Follow each boxes’ instructions, subbing out my recomendations in the same amounts. For example, The King Arthur box says to use 1/2 cup butter. So, I used an entire stick (1/2 cup) of the Earth Balance Buttery Sticks. It also said to use 2/3 cup of milk, so I used 2/3 cup of rice milk. King Arthur includes 2 Tablespoons of oil, which Krusteaz does not. I used canola oil.
Mix the cake mix, vegan butter and rice milk together and set aside.
For replacing the eggs, 3 Tablespoons of aquafaba (the liquid in a chick pea can) equals one egg. So, for the King Athur recipe that calls for 4 eggs, I used 12 Tablespoons. That was the entire liquid of one can. Since the liquid can vary from brand to brand of canned chick peas, you may want to purchase two cans, just to ensure you have enough liquid.

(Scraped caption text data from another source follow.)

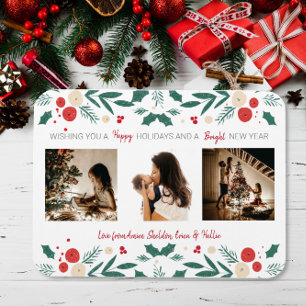 Christmas Holiday holly ivy berry 3 Photo gift Magnet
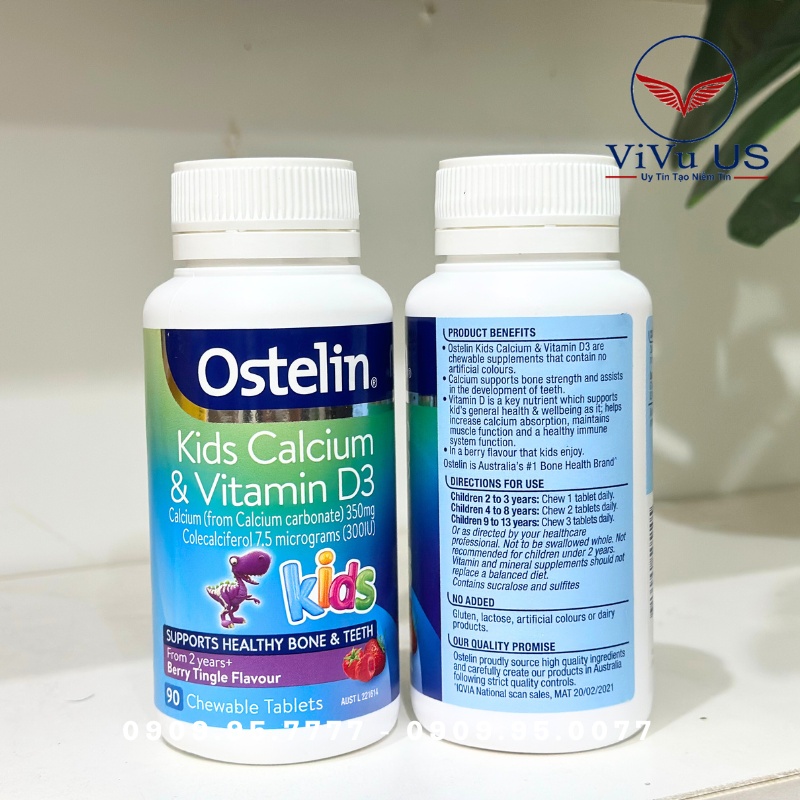 Viên Nhai Canxi + D3 Ostelin Úc 90 Viên Cho Bé Từ 2 Tuổi: Phát Triển Khỏe Mạnh, Vững Chãi Tương Lai 3 Canxi D3 Ostelin Úc 90 Viên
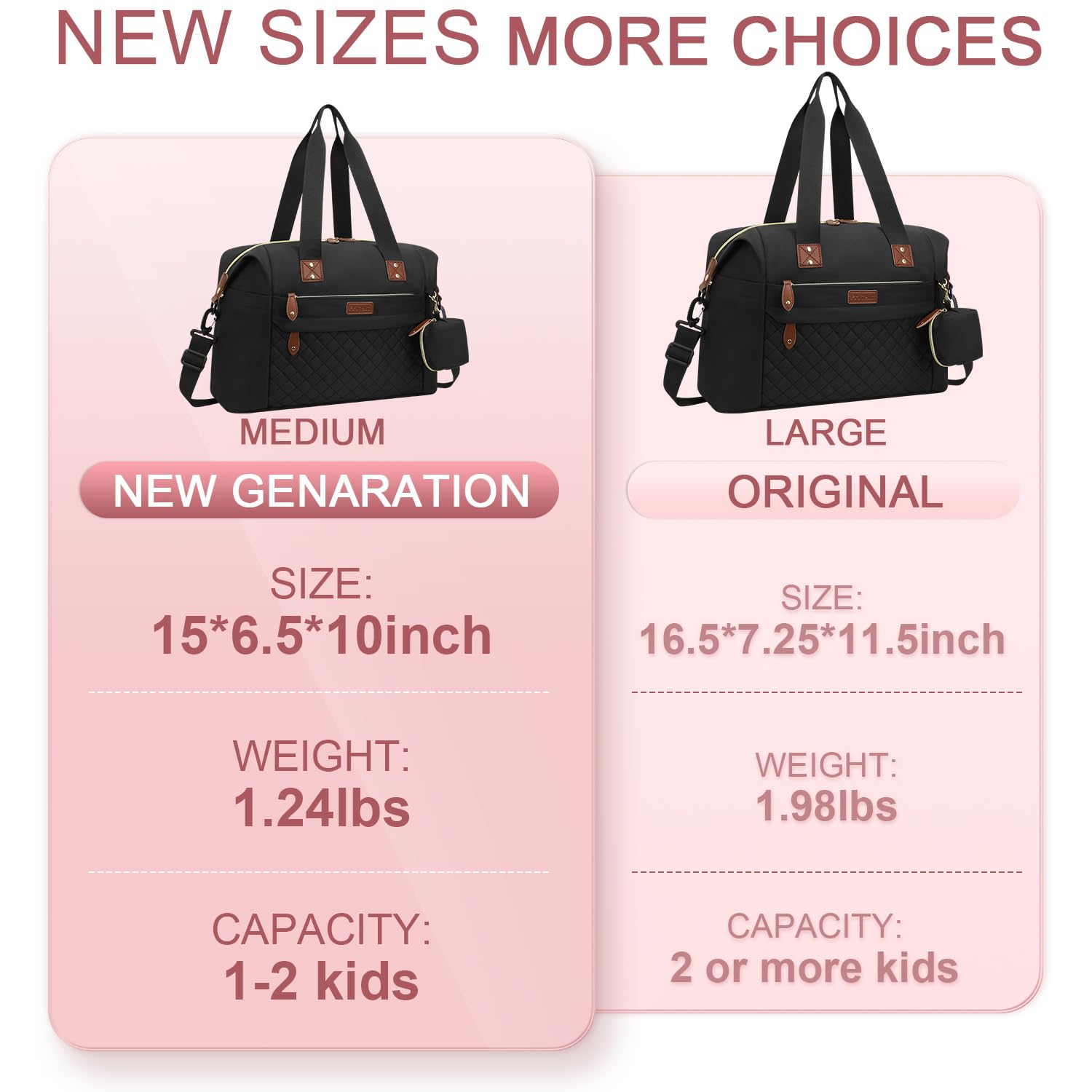 Pritent diaper bag tote wide opening enables easy one-handed access.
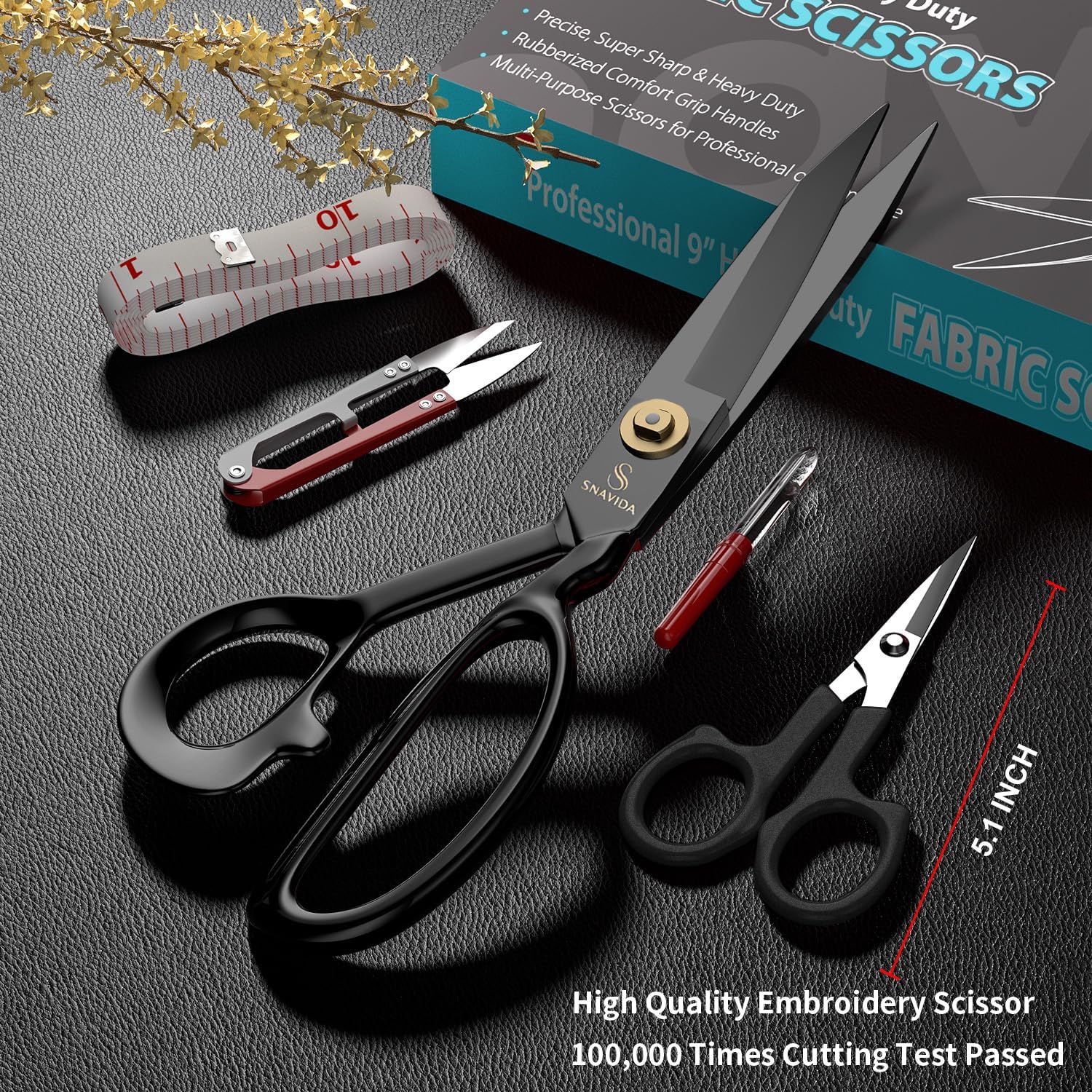 Professional Fabric Scissors for Cutting Clothes Heavy Duty Sewing Shears Scissors All Purpose Ultra Sharp Metal Tailor Scissors set for Leather Upholstery Office Craft Dressmakers (10 Inch)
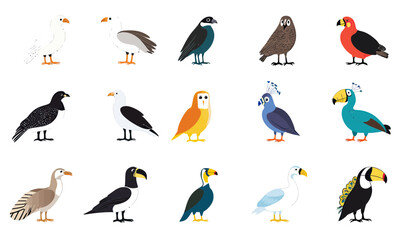 Naklejka premium Flat minimalist vector illustration of diverse bird species icons including gull, crow, owl, toucan, peacock, falcon, puffin with colorful clean design on white background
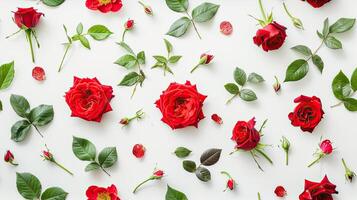 Red roses arranged on a white surface photo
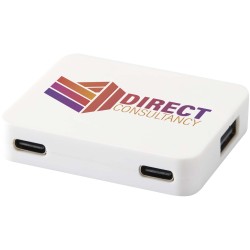 Hub USB 4 ports Gaia avec sortie USB-A et Type-C et double entrée - fabriqué en plastique recycléCouleur:Blanc
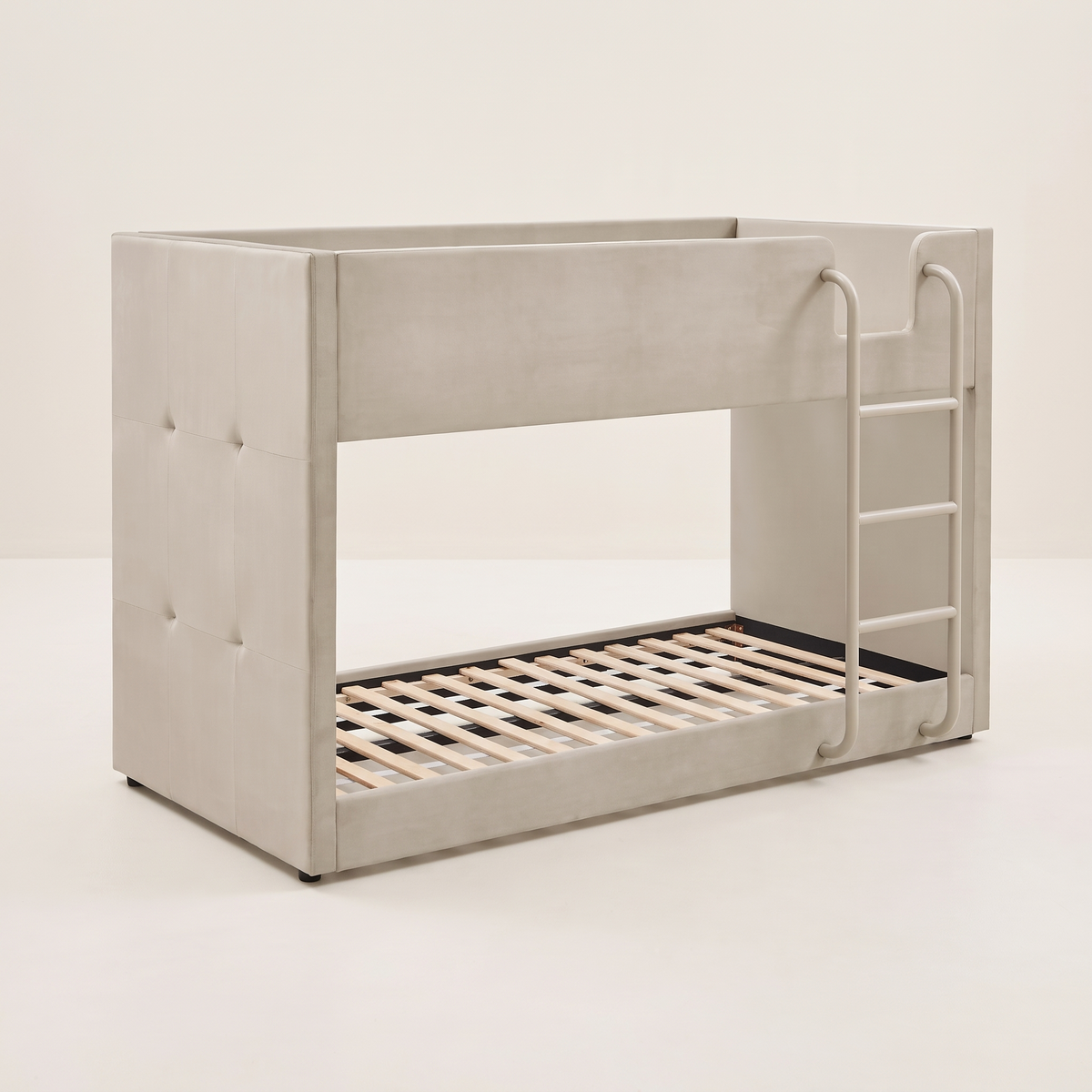 Hadleigh taupe velvet bunk bed on a plain background, showing the slatted bottom bunk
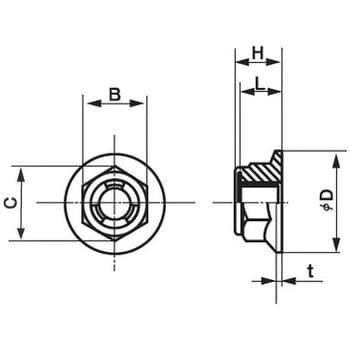 M10 P1.25 フランジステイブルナット 小形 細目(ステンレス)(パック品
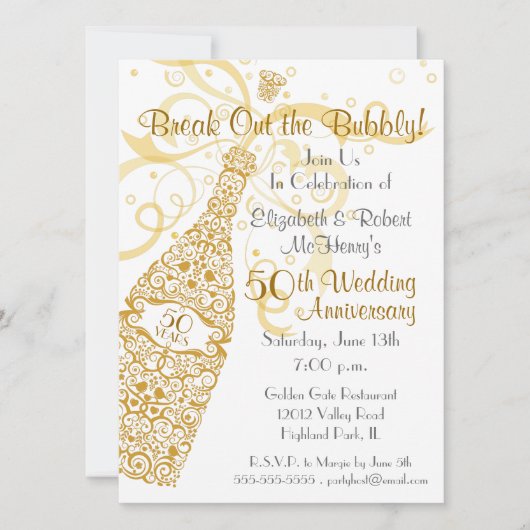 Invitation Célébration de Champagne 50 Années d'Or (Devant)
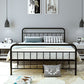 Metal Slat Bed Solid Color Open-Frame Bed With Custom Gold Legs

Once you’ve measured the correct amount of aquafaba, use electric beaters to whip them until they reach stiff peaks. This will take 5-10 minutes.
Then, gently fold in the mixed cake mix into the aquafaba, trying not to knock out all of the air you’ve just incorporated.
Pour the completed mix into greased cupcake tins, or into a greased 13×9 pan.
Bake for the time listed on the box. I found I had to do the entire time, and then I let my cupcakes sit in the pan to cool for five minutes before turning them out on a wire rack to completely cool.
While they completely cool, make the frosting. Frost and serve immediately.
Notes
I’ve made both a 9×13 cake, as well as cupcakes and both have turned out well as long as I followed the cook times mentioned on the respective boxes. Noting, it may take longer, depending on your elevation.
*I find what really helps this taste like real “yellow cake” is the additional of more vanilla and the cake batter extract. To find out more about the ingredients and manufacturer’s statement, see this post here.
If you’d rather make the cake from scratch, click here to learn how to make a homemade gluten free vegan yellow cake.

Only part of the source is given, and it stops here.